Pourquoi aime-t-on le passé?
Extrait des Saisons de Saint-Jean
n°5 (printemps 1984)
Oui, pourquoi ? Car c’est peu de dire qu’on aime le passé : on le préfère !
On le préfère au présent, toujours plus vierge et plus vivace dans la chanson que dans la vie. Le présent frémit et s’impatiente. Il est borné, positif, dans les bons jours voluptueux ; guère plus.
On le préfère à l’avenir, qui est un thème pour ces discours publics qu’on tient aux autres, mais qui ne figure jamais dans les discours qu’on se tient à soi-même qu’à titre d’anxiété, projet, stratégie.
Quand l’imagination chante la paix, le bonheur sans victoire, la tendresse infinie, elle pince les cordes de jadis et naguère : le son en est doux, et cette douceur déchire tous nuages pour laisser respirer – mais dans un puits sans fond – l’ivresse du ravissement. Les grands jours sont plus que « présents » : le cœur s’y élargit pour sentir battre le vent de la mémoire ; le bel aujourd’hui y tient sa grandeur de faire date dans la durée. Mesurez une solennité : c’est toujours un hier gracieusement rendu.
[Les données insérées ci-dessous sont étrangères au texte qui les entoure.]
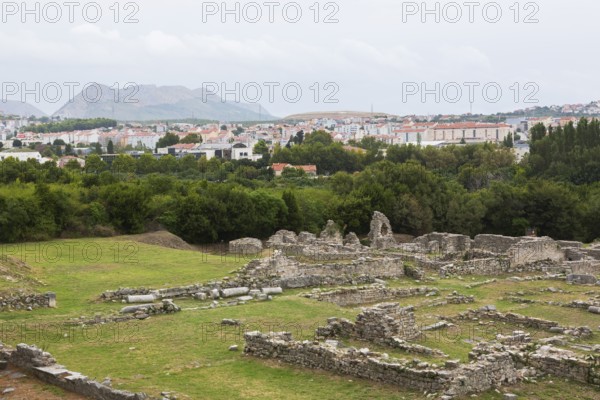 High angle view of old stone wall structures at ancient 3rd century Roman ruins of Salona near modern city of Solin in late summer, Croatia, Europe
Le plus jeune amour est passéiste, fréquemment vêtu de Moyen Âge, de princesse abolie pour moi seul retrouvée :
Puis une dame, en sa haute fenêtre.
Blonde aux yeux noirs en ses habits anciens…
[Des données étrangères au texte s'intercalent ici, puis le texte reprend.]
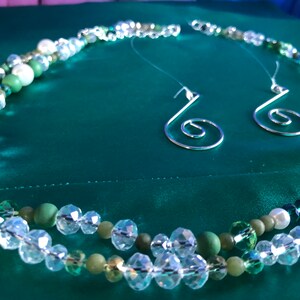 May include: A multi-strand necklace with green and white beads and a matching pair of silver earrings with a spiral design.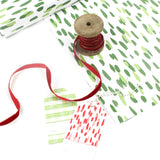 Styled display of green brushstroke wrapping paper with gift tags and red ribbon.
Les poètes profonds – Nerval, Baudelaire – font parler ici la « vie antérieure ». Cette absurdité est la seule notion qui raconte avec justesse le parfum des océans du bonheur. Et le bonhomme Grandgousier lui-même, au sommet de la joie rabelaisienne, convoque la maisonnée autour de l’âtre pour « faire à sa femme et famille de beaux contes du temps jadis ».
« Qu’il est doux, qu’il est doux d’écouter des histoires.
Des histoires du temps passé… »
Voilà pour les grands sentiments. Les communs sont de même farine.
« C’était le bon temps » dit-on de presque chaque tranche du passé. Et quand on n’ose le dire, parce que c’était la guerre, ou la maladie, ou telle grosse peine, on continue de le penser par quelque lucarne. « Le bon vieux temps. » Toujours.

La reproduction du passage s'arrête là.